The Correspondence of Thomas Jefferson

By Subject


REPUBLICANISM / INTERNAL ATTACKS ON



What an effort, my dear Sir, of bigotry in politics and religion have we gone through! The barbarians really flattered themselves they should be able to bring back the times of Vandalism, when ignorance put everything into the hands of power and priestcraft. All advances in science were proscribed as innovations. They pretended to praise and encourage education, but it was to be education of our ancestors. We were to look backwards, not forwards, for improvements; the President himself declaring, in one of his answers to addresses, that we were never to expect to go beyond them in real science. This was the real ground of all the attacks on you. . . . It is with heartfelt satisfaction that, in the first moments of my public action, I can hail you with welcome in our land, tender to you the homage of its respect and esteem, cover you under the protection of those laws which were made for the wise and good like you, and disdain the legitimacy of that libel on legislation, which, under the form of a law, was for some time placed among them.

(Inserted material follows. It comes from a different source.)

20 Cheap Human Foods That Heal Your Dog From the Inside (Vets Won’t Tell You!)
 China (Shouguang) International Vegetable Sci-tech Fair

As the storm is now subsiding, and the horizon becoming serene, it is pleasant to consider the phenomenon with attention. We can no longer say there is nothing new under the sun. For this whole chapter in the history of man is new. The great extent of our republic is new. Its sparse habitation is new. The mighty wave of public opinion which has rolled over it Is new. But the most pleasing novelty is, its so quietly subsiding over such an extent of surface to its true level again. The order and good sense displayed in this recovery from delusion, and in the momentous crisis which lately arose, really bespeak a strength of character in our nation which augurs well for the duration of our republic; and I am much better satisfied now of its stability than I was before it was tried. I have been, above all things, solaced by the prospect which opened on us, in the event of a non-election of a President; in which case, the federal government would have been in the situation of a clock or watch run down. There was no idea of force, nor of any occasion for it. A convention, invited by the republican members of Congress, with the virtual President and Vice-President, would have been on the ground in eight weeks, would have repaired the Constitution where it was defective, and wound it up again.